*** Source material Section Begins ***

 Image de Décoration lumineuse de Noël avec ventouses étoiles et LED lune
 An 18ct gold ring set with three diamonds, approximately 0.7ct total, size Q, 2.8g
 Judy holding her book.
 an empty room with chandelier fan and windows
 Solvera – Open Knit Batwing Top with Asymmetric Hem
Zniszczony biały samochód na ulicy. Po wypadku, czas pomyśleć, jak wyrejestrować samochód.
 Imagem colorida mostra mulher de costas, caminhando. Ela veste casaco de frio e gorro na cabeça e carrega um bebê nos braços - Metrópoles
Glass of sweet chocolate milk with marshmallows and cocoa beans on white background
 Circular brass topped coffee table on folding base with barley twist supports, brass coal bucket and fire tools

*** Source material Section Ends ***
*** Source material Section Begins ***

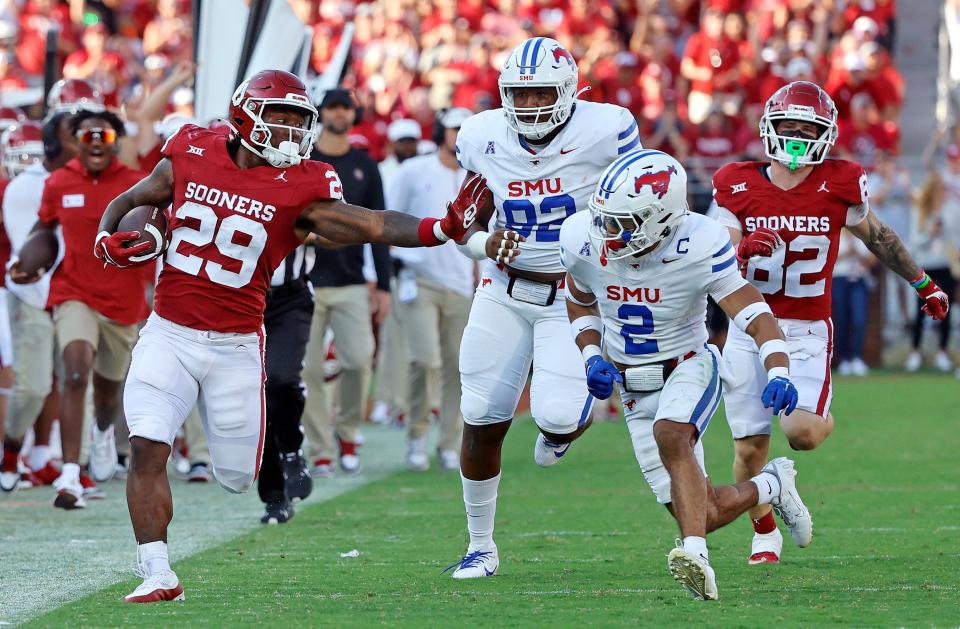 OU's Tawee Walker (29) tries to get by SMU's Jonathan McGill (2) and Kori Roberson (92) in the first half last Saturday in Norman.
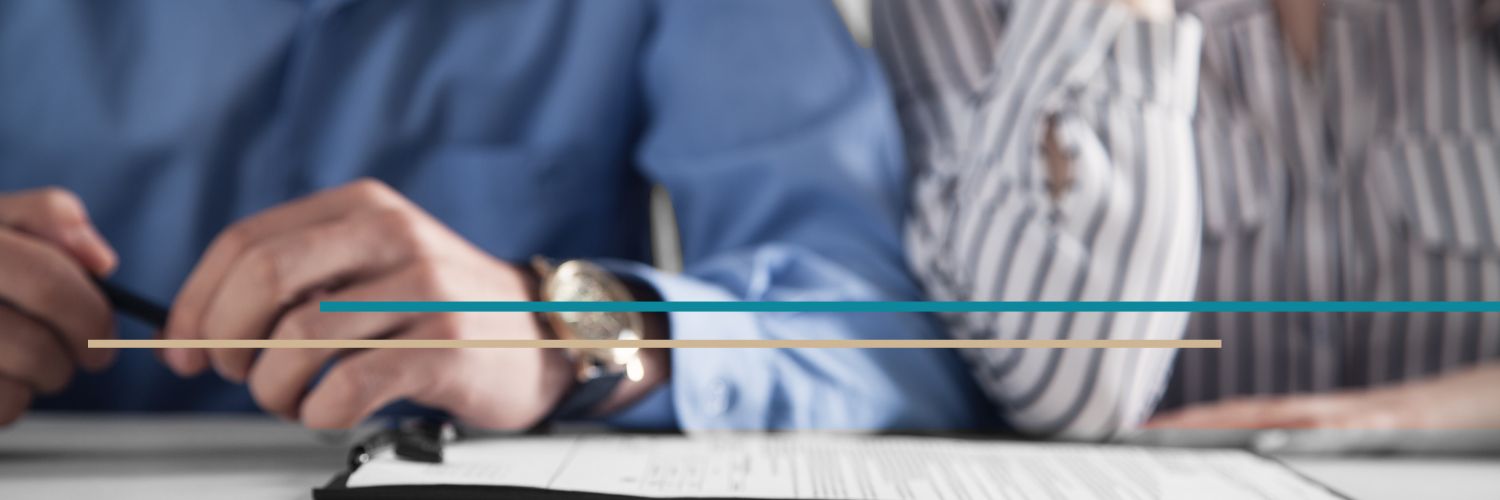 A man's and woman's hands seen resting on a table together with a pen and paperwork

*** Source material Section Ends ***
*** Source material Section Begins ***

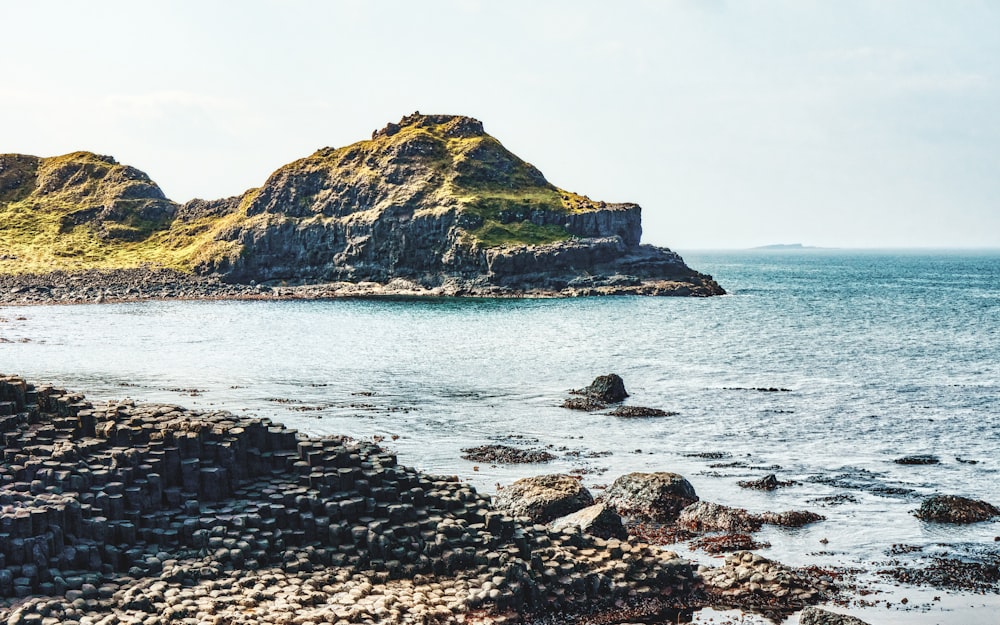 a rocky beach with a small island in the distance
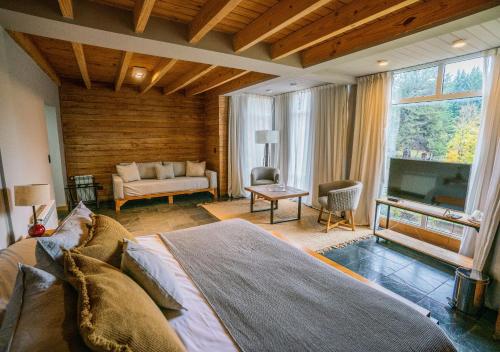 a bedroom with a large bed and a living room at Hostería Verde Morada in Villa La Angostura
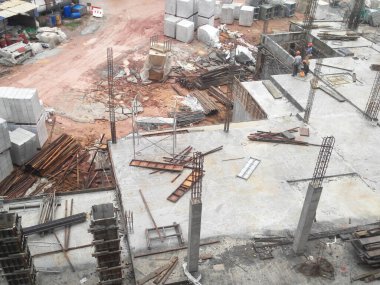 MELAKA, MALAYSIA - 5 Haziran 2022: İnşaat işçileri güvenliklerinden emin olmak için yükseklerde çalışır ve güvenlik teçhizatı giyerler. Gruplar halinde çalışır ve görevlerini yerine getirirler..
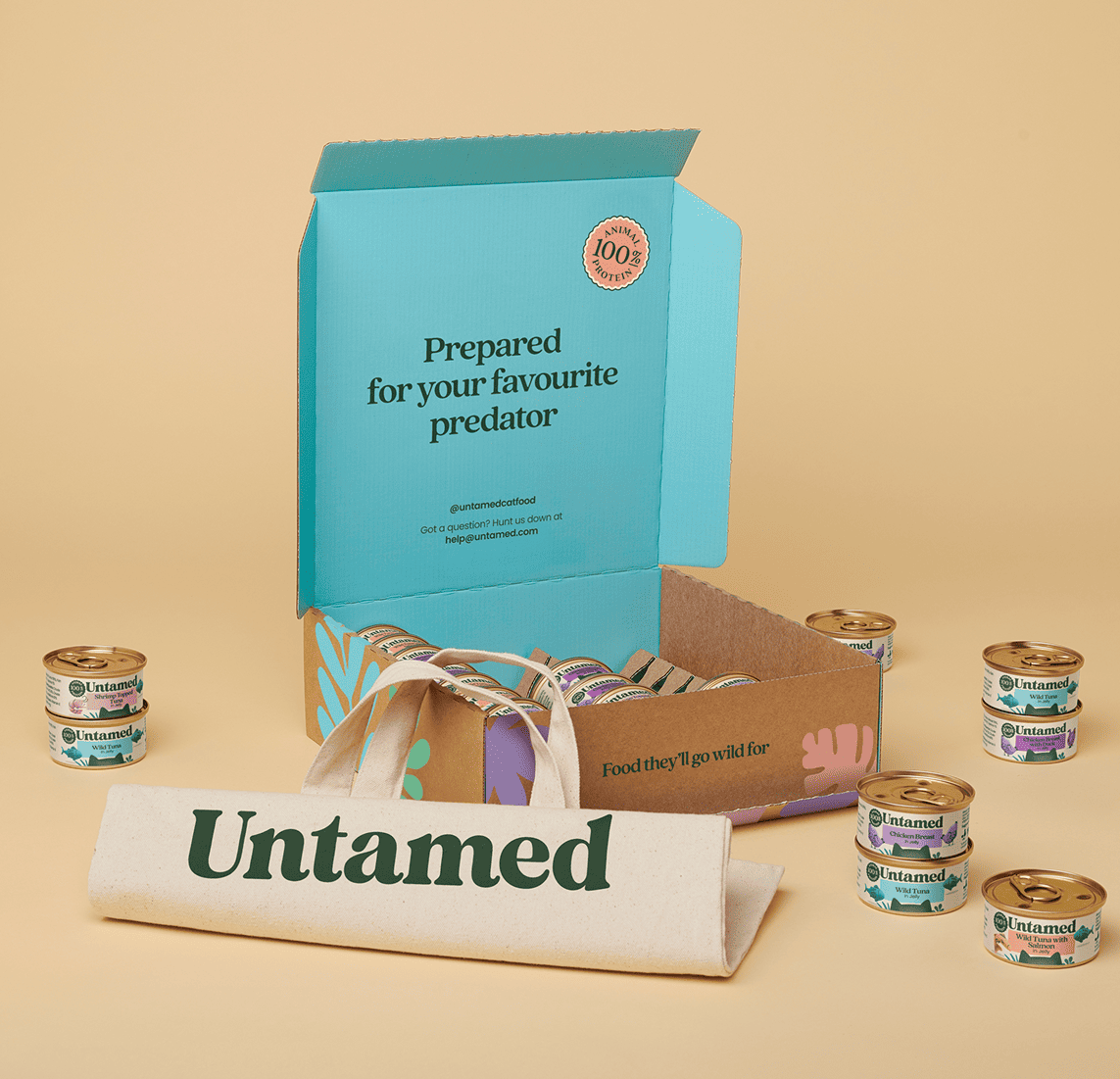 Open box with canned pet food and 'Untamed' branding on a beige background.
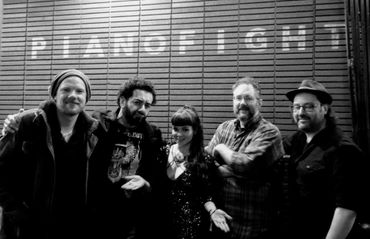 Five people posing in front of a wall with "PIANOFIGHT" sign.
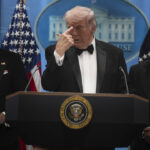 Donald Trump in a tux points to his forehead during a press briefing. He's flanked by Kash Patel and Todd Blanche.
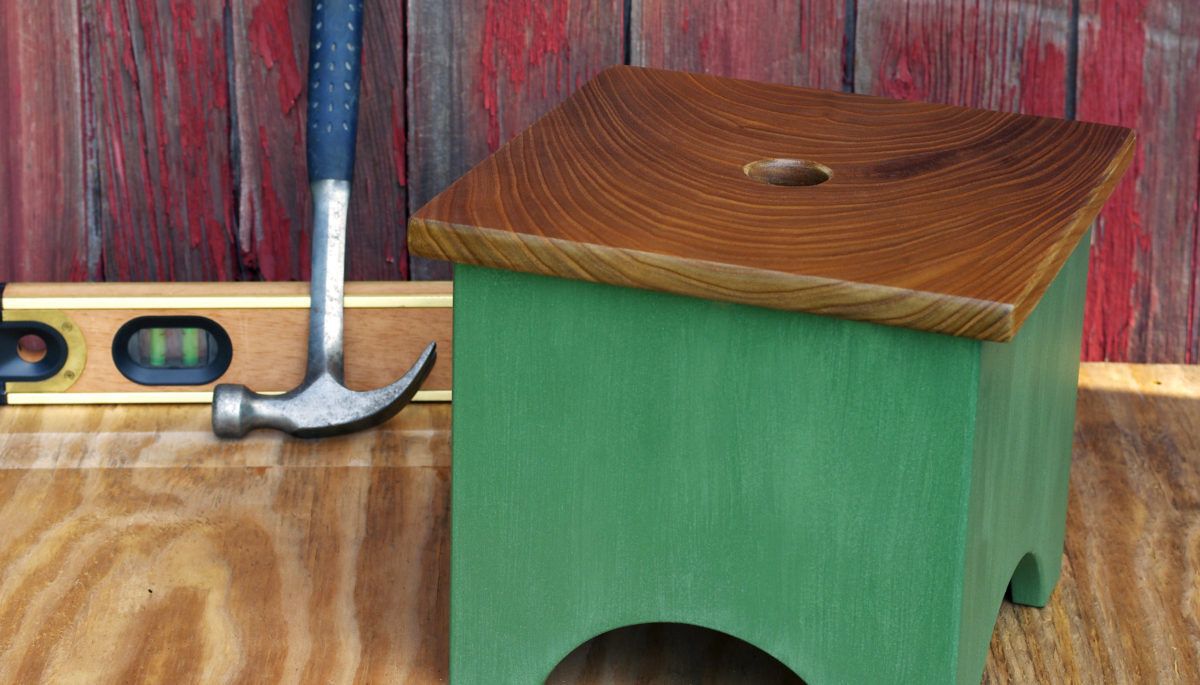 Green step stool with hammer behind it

*** Source material Section Ends ***

- What you need to do -
Starting at the line above that contains "Imagem colorida mostra", write out each line exactly until the line that contains "Circular brass topped" has been written, and stop there.

- Answer box -
 Imagem colorida mostra mulher de costas, caminhando. Ela veste casaco de frio e gorro na cabeça e carrega um bebê nos braços - Metrópoles
Glass of sweet chocolate milk with marshmallows and cocoa beans on white background
 Circular brass topped coffee table on folding base with barley twist supports, brass coal bucket and fire tools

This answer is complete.